Traveling to France, however, was difficult. Da Vinci made the journey through the Italian and French Alps on the back of a mule. He was accompanied by a handful of students and two servants who managed the transport of his possessions. Among the valuables were da Vinci’s notes, sketches, manuscripts, and three of his paintings—the Mona Lisa, the Virgin and the Child, and St. John the Baptist.
François took particular interest in La Joconde, the French name for the Mona Lisa. Differing accounts claim he either bought the painting from da Vinci or received it as a gift. Either way, he took possession of the painting with da Vinci’s approval and hung it in his favorite residence, the Château Fontainebleau, outside Paris.
Thereafter, all the rulers of France seem to have treasured the Mona Lisa, whose origins are uncertain. Various theories propose the model’s identity: the wife of an Italian merchant, da Vinci’s mother, or even a disguised self-portrait. In 1699, Louis XIV moved the painting from Fontainebleau to his newly completed quarters in the Palace of Versailles. In 1797, after the French Revolution, the Louvre Palace was turned into a museum, and La Joconde was added to its collection. It didn’t stay there long before Napoleon Bonaparte squirreled it away to his private apartments in the Palace of the Tuilleries. He later returned it to the Louvre, where it remained the property of the French people until that fatal day in 1911.
The Day the Mona Lisa Disappeared
On the morning of August 22, 1911, the local painter Louis Béroud arrived at the Louvre to begin work on a new piece. The museum had hired him to portray scenes of daily life in the grand institution’s galleries, and his upcoming canvas would feature the Mona Lisa. At the time, mounting paintings behind protective glass was a relatively new and controversial practice. But increased air pollution, larger crowds, and occasional acts of vandalism had convinced the museum’s administrators that protective glazing was needed for their most valuable works.
Today’s museums use special glass with anti-glare properties, but in 1911, protective glass was highly reflective and, as a result, justifiably unpopular. The Mona Lisa had recently undergone such treatment, and Béroud’s idea was to create a painting of a stylish female visitor adjusting her coiffure, aided by her reflection in Mona Lisa’s protective skin.
Béroud arrived early that day, eager to begin work. It was a Monday, a day when doors remained closed to the public, giving custodial staff time to perform various housekeeping duties before new waves of visitors arrived in the coming week. When Béroud reached the Salon Carré, a room dedicated to Renaissance masterpieces, he found only four empty pins fixed to the wall where the painting had hung.
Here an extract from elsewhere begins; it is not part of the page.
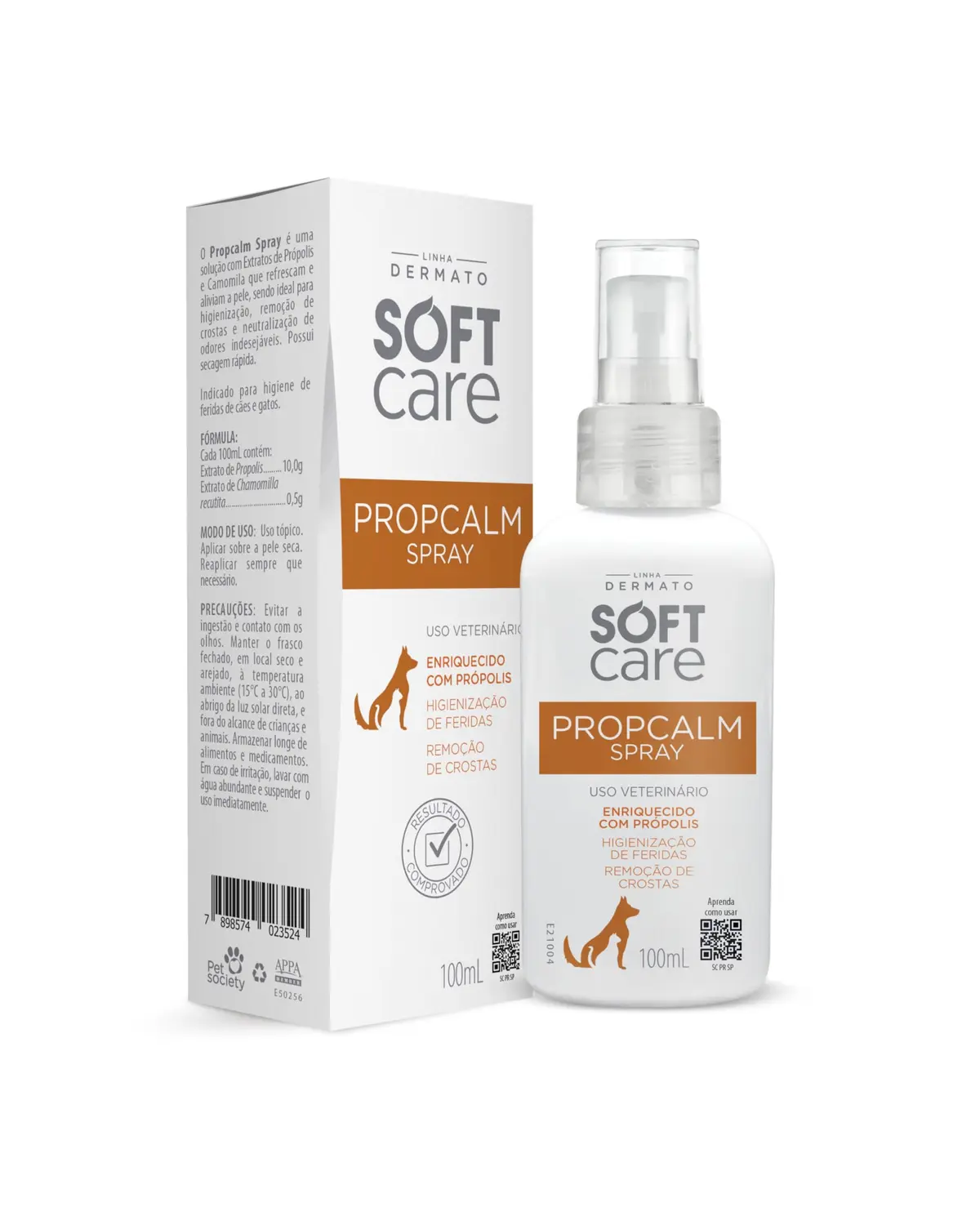 Soft Care Propcalm Spray Limpeza Proteção 100ml Cães e Gatos Pet Society - 1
Protecting France’s Cultural Legacy
After the French Revolution, with the dissolution of France’s Ancient Regime, there was widespread redistribution of both aristocratic and ecclesiastical possessions. Auction houses sprang up, and many important cultural sites were deconstructed and sold off. In 1841, the French government issued a directive stating that certain historic monuments could not be modified without the Minister of the Interior’s approval. The goal was to protect buildings and architectural structures from being restored or altered without authorization. While its objectives were clear, the directive lacked teeth. There was no system in place to ensure it was followed.
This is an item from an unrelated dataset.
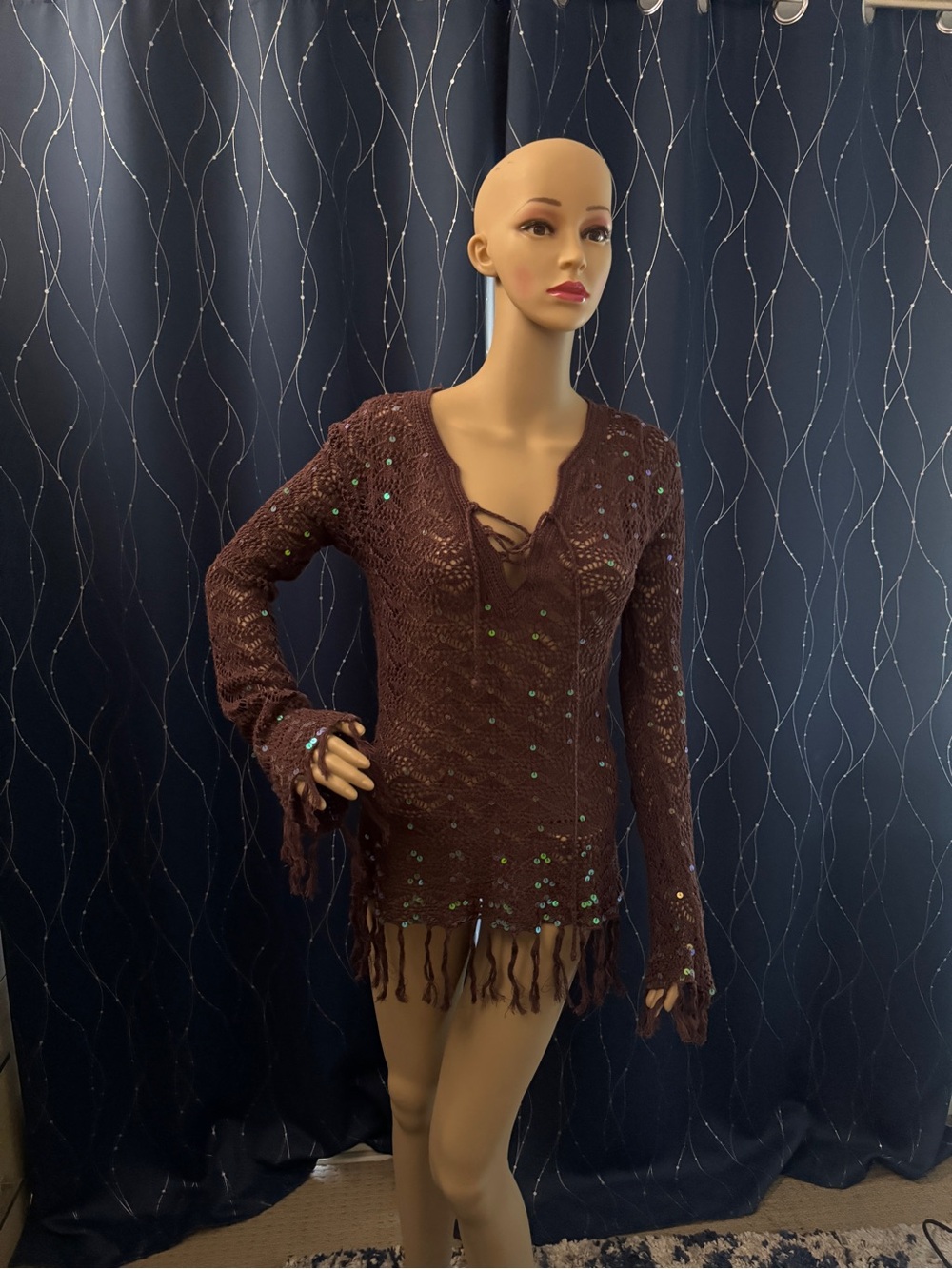 Moda International Brown Boho Festival Crochet Sequin Fringe Top Swim Coverup S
In the late 1800s, as American wealth skyrocketed, France experienced a new kind of cultural looting. Rather than warring invaders or disgruntled members of the proletariat running off with the country’s antiquities and objets d’art, the nouveau riche industrial magnates of the United States were engaged in a buying frenzy, snatching up everything from architectural elements to decorative pieces to the continent’s most significant works of art. Suddenly, French citizens were beginning to realize the importance and vulnerability of their homeland’s cultural treasures.
As a result, in 1887, France passed a landmark law that expanded both the scope and enforceability of protection. While the 1841 directive covered immovable monuments, the 1887 law extended protection to movable objects—paintings, sculptures, furniture, manuscripts, and decorative arts. France’s patrimoine, its cultural heritage, was now seen as intrinsically tied to national identity. It needed to be preserved and protected in place, not redistributed around the globe.

Art Theft and the Belle Époque’s Black Market
Despite such protections, the market for Europe’s antiquities and masterworks seemed negligibly hindered. Soon, a small industry of counterfeits sprang up. A trafficker might approach a clergy member or museum employee and express interest in purchasing a specific artwork or relic. The artifact’s custodian would explain that the state had to sanction the sale, and that such requests were customarily rejected. Thus, the trafficker would propose substituting the original copy with a fake. Who would know the difference? Who would notice? What harm could this cause? And thus, a deal would be struck.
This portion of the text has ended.